— Work request —
Below is a listing. Return the lines from the one that contains "MINI NIKE CROSSBODY BAG" to the one that contains "2015' Land Rover Discovery Sport photo #2", both ends included, verbatim and with no pictures.
---------- Data to process ----------
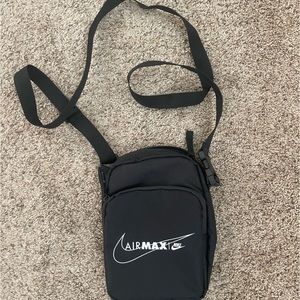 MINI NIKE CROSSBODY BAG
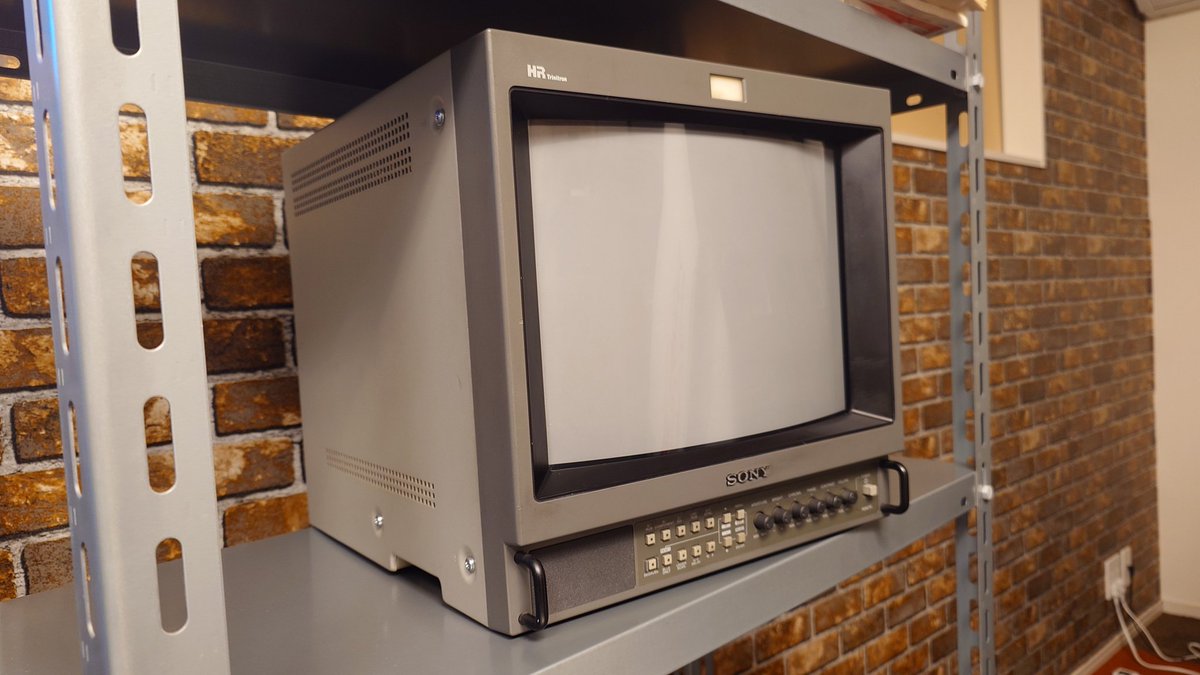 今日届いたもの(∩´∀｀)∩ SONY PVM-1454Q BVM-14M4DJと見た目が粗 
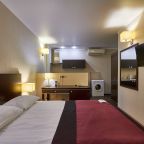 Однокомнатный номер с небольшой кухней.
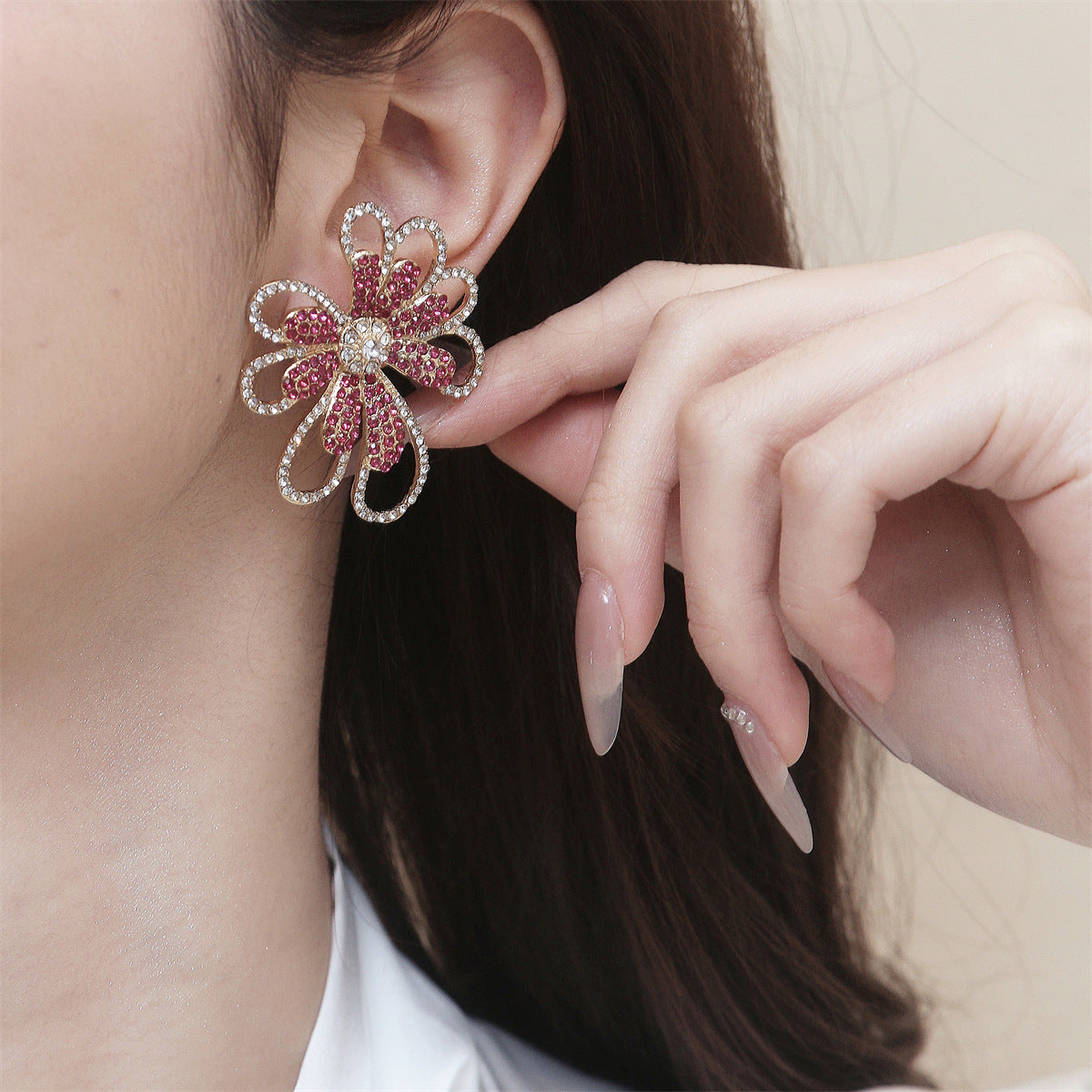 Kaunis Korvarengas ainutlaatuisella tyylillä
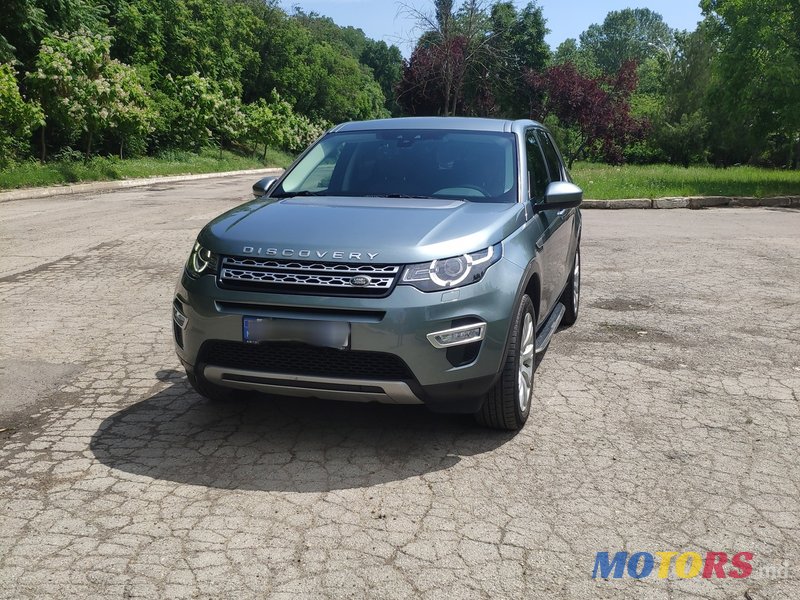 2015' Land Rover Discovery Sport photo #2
----------
---------- Data to process ----------
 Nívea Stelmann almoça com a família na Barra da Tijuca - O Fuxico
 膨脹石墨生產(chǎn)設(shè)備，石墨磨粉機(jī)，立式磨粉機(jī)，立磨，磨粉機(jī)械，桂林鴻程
----------
— Reply to the task —
 MINI NIKE CROSSBODY BAG
 今日届いたもの(∩´∀｀)∩ SONY PVM-1454Q BVM-14M4DJと見た目が粗 
 Однокомнатный номер с небольшой кухней.
 Kaunis Korvarengas ainutlaatuisella tyylillä
 2015' Land Rover Discovery Sport photo #2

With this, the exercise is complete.